Data provided —
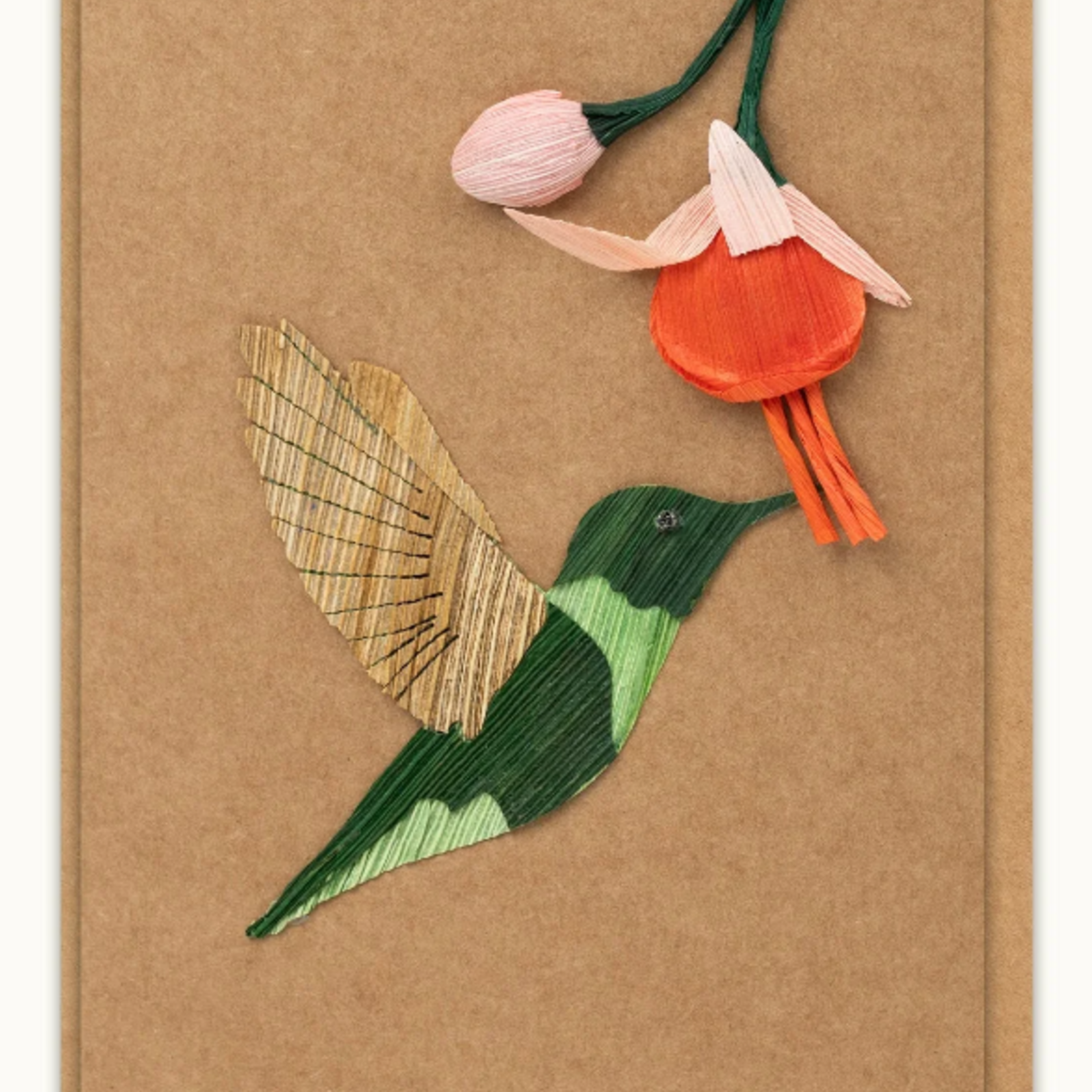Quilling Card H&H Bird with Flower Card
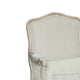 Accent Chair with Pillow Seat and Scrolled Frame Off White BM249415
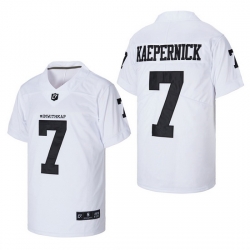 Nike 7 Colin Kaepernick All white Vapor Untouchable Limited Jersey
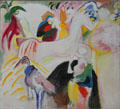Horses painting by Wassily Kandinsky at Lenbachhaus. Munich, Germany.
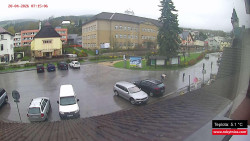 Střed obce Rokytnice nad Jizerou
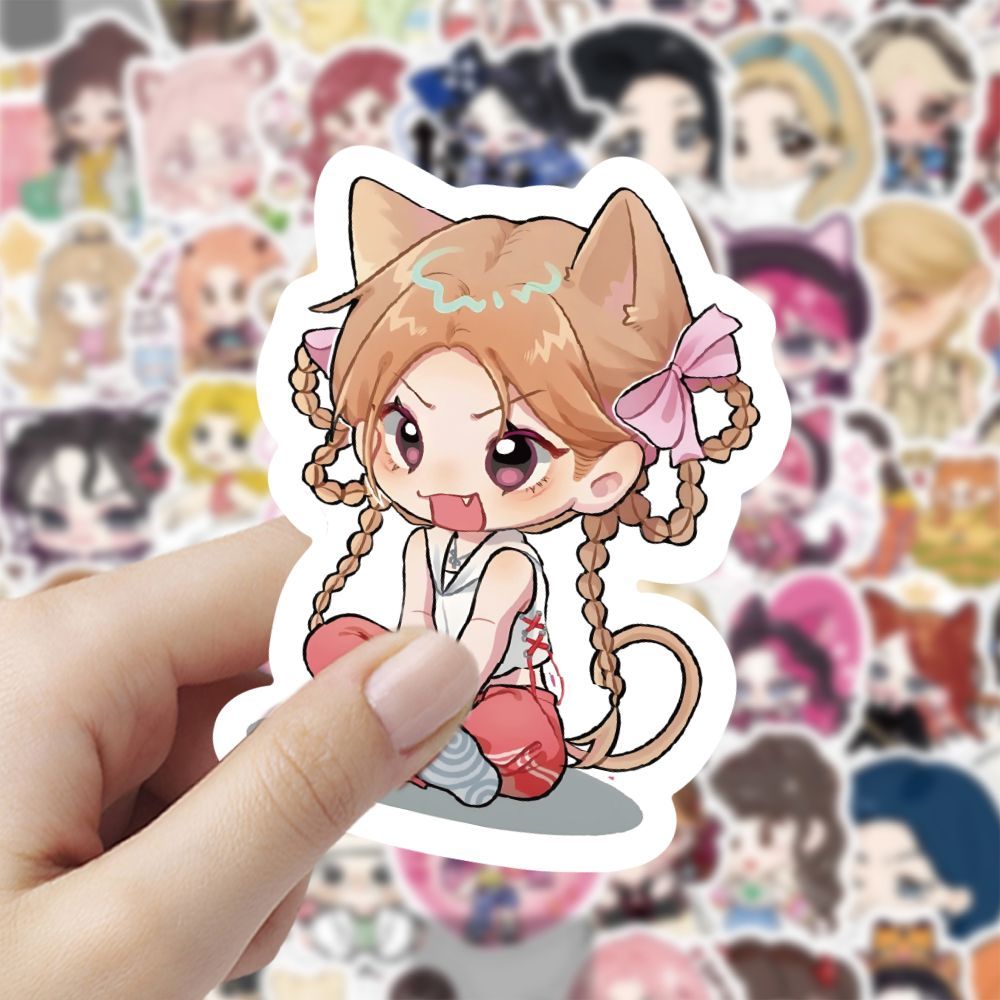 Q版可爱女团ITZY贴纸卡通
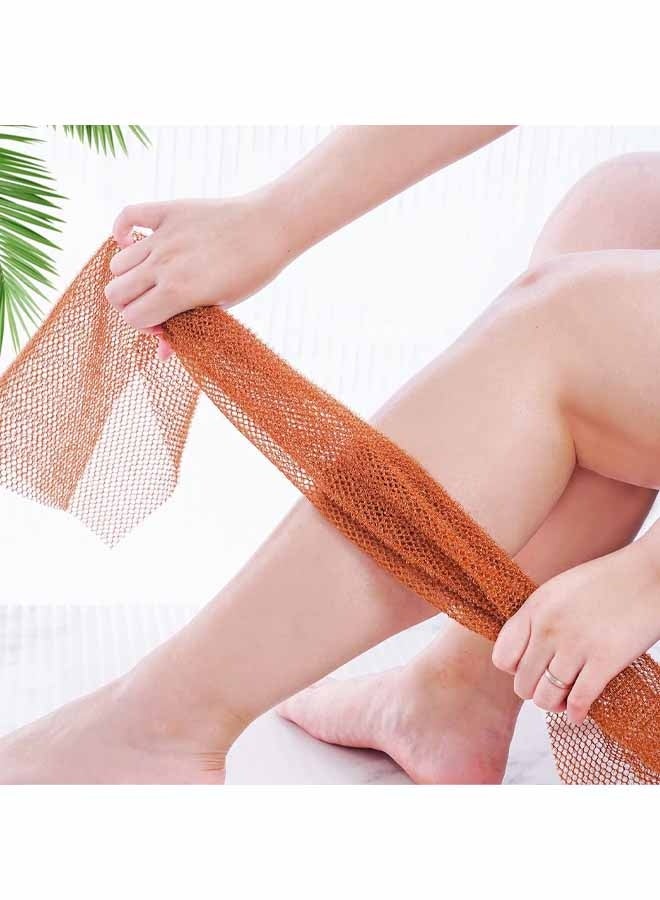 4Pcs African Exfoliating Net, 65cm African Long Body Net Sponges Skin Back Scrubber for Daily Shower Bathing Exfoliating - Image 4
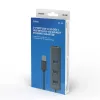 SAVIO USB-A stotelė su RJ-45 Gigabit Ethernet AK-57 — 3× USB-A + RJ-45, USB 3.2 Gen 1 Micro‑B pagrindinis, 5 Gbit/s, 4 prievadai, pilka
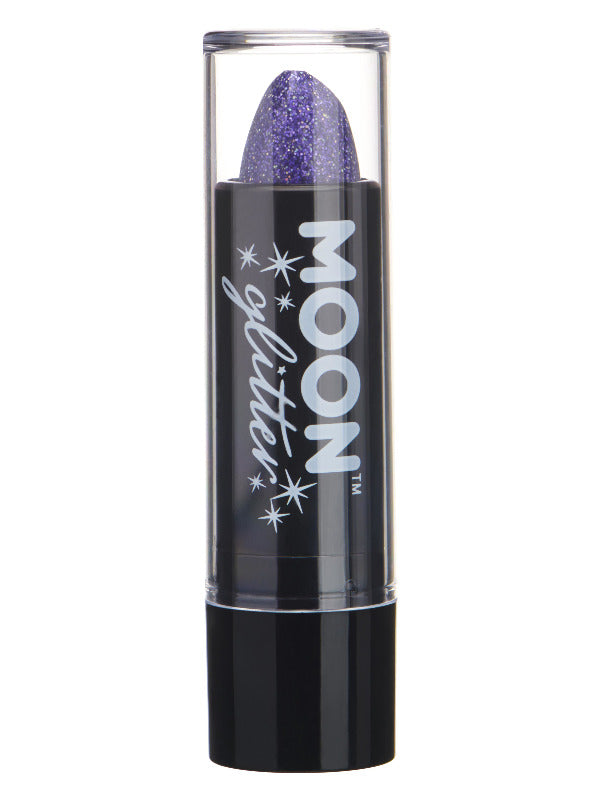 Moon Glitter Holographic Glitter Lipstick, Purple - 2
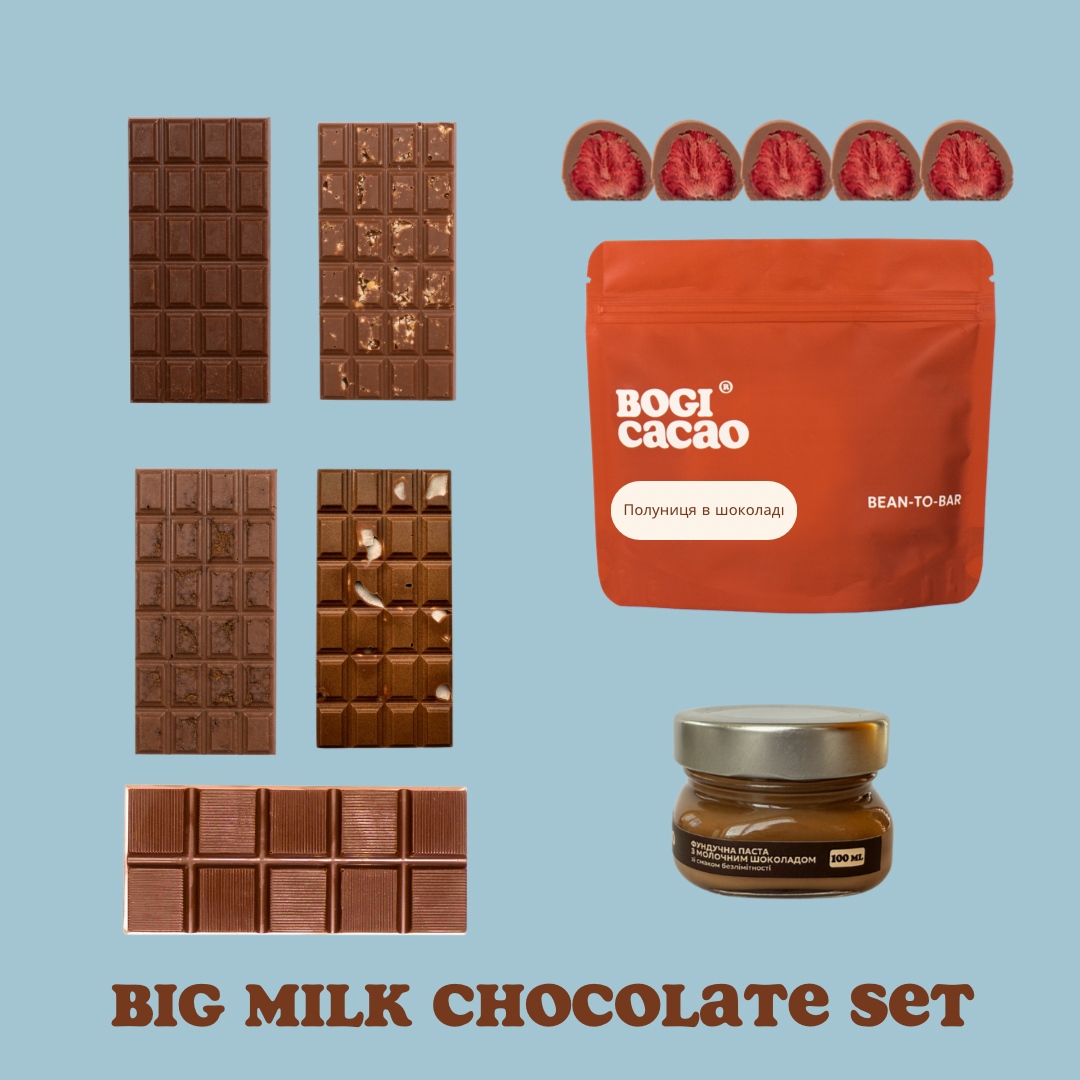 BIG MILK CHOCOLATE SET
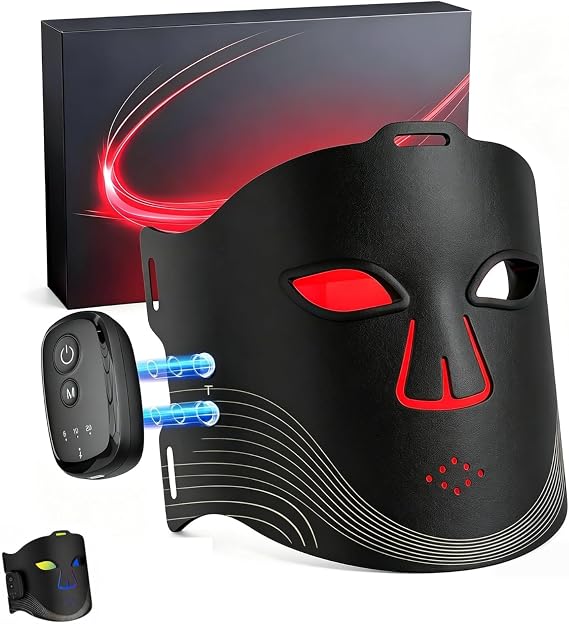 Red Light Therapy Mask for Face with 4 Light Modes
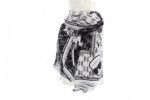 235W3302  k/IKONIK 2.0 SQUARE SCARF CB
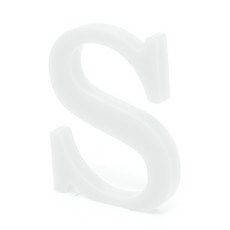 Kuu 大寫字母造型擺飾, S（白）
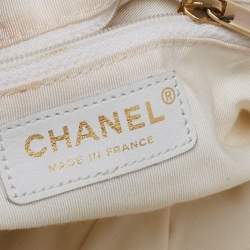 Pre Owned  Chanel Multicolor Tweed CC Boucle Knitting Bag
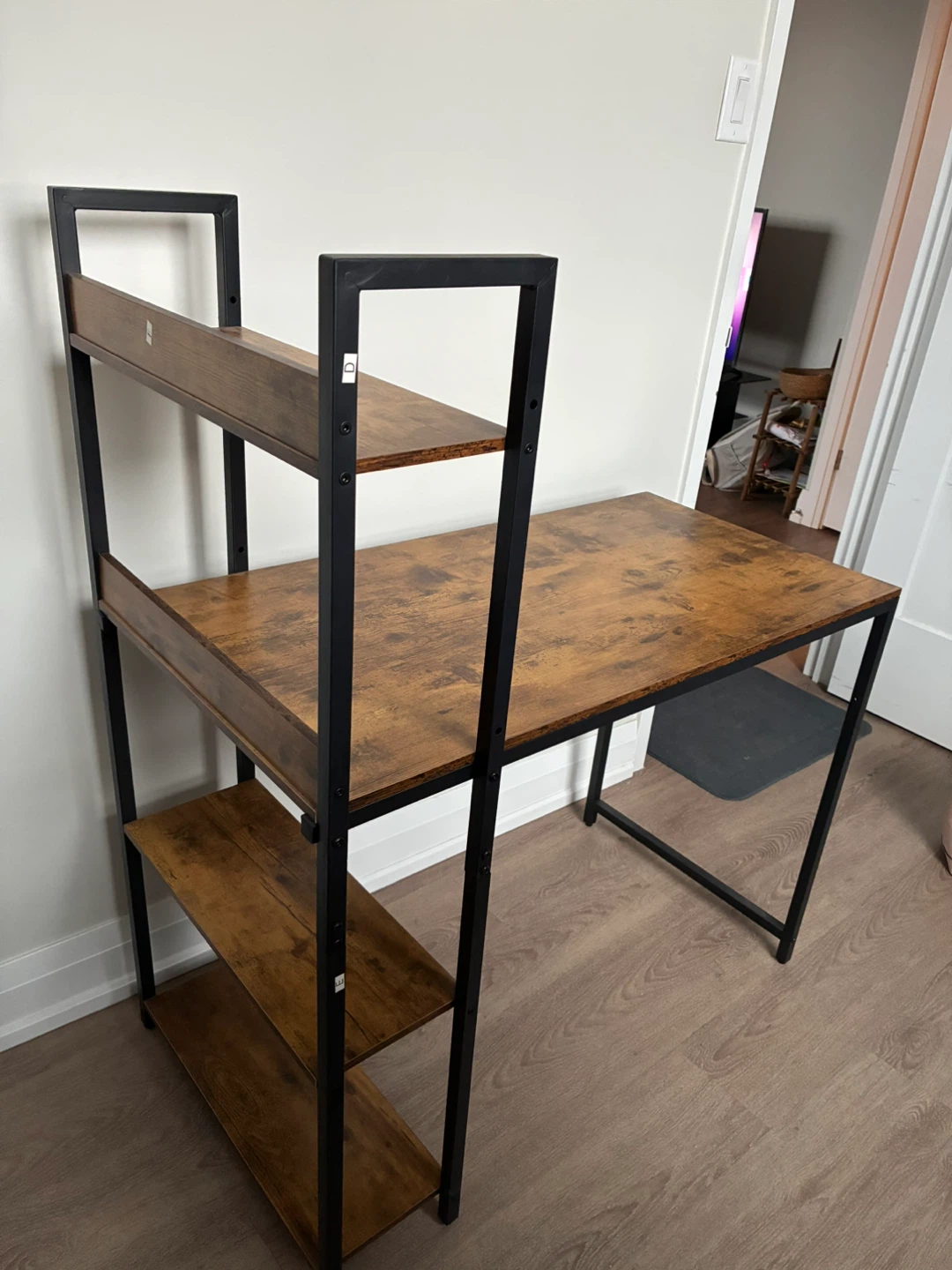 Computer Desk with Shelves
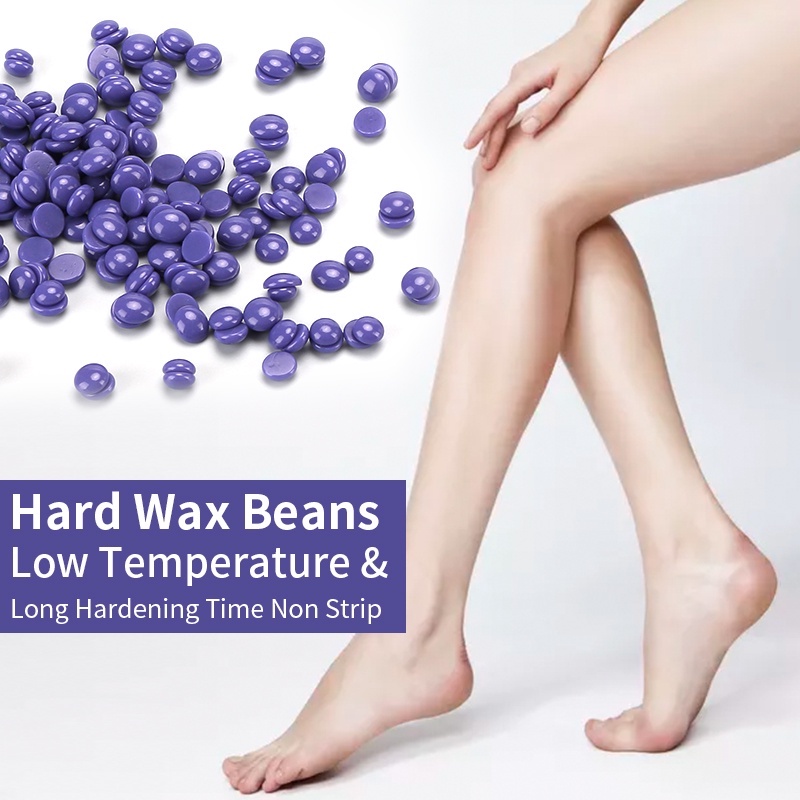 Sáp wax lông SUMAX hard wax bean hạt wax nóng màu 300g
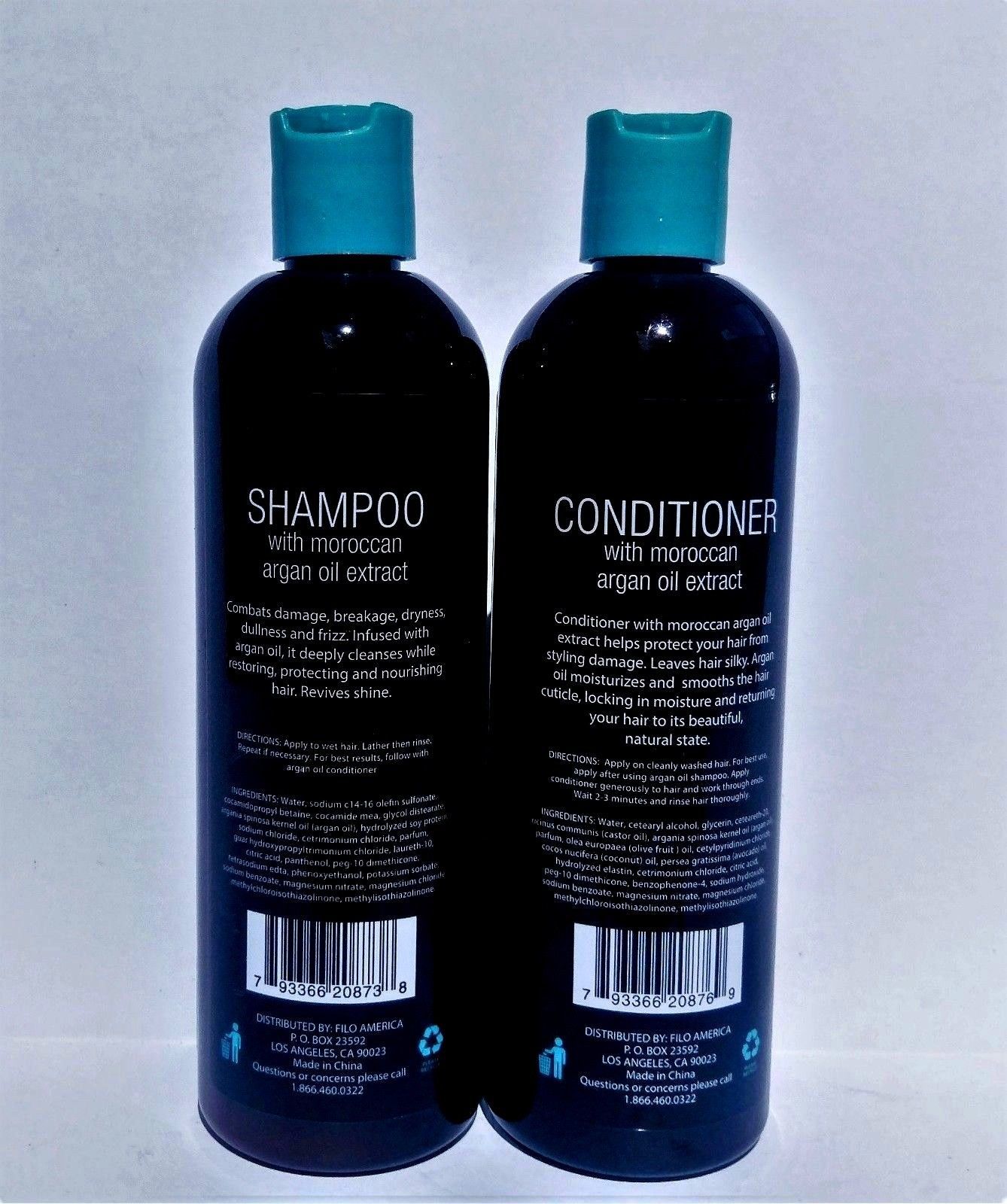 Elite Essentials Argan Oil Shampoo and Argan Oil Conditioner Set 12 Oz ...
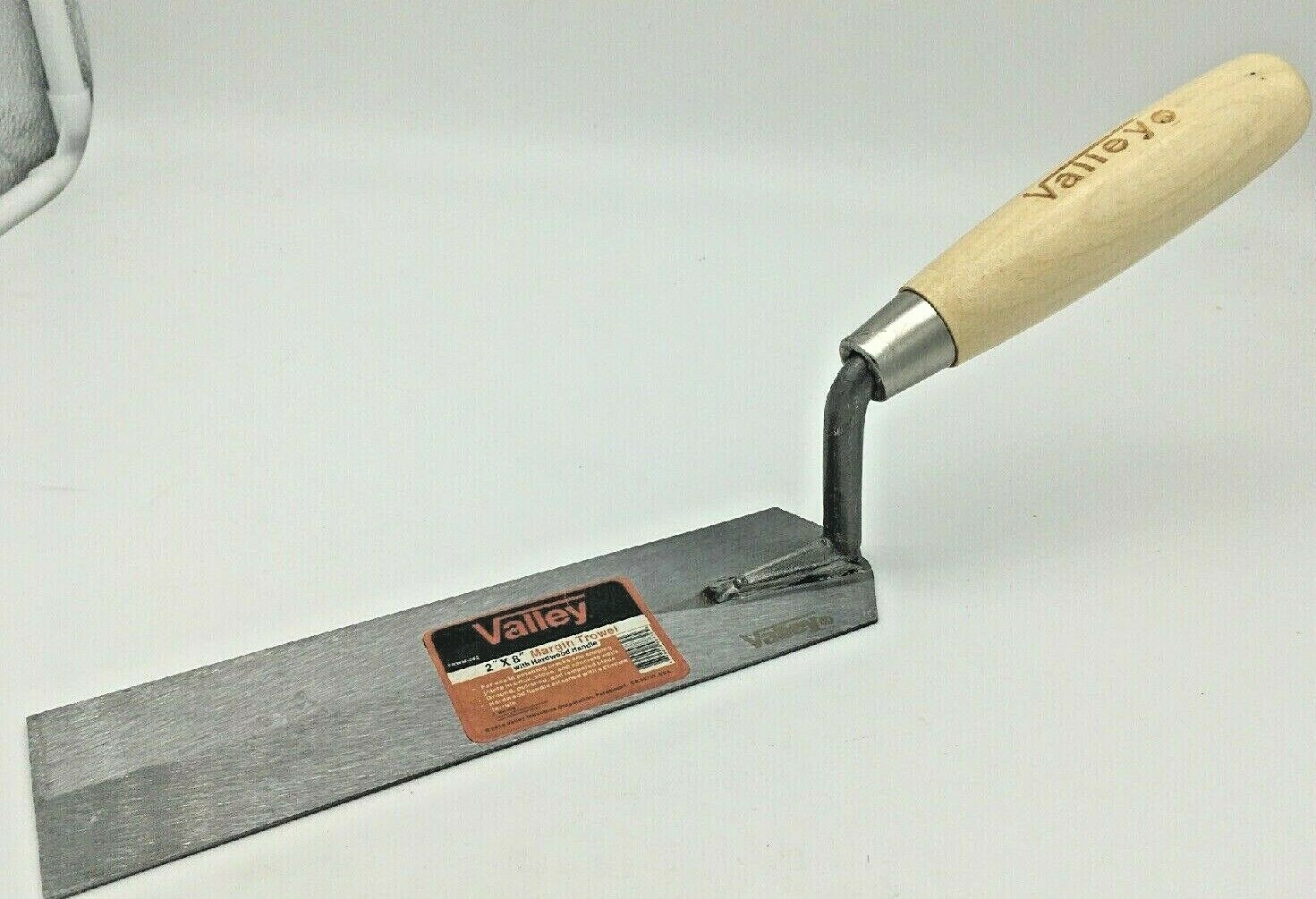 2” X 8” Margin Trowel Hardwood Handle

Work item —
Using the listing above, copy exactly the lines from the one that contains "Elite Essentials Argan" through its last line, both included, but not the pictures.

Exercise response —
 Elite Essentials Argan Oil Shampoo and Argan Oil Conditioner Set 12 Oz ...
 2” X 8” Margin Trowel Hardwood Handle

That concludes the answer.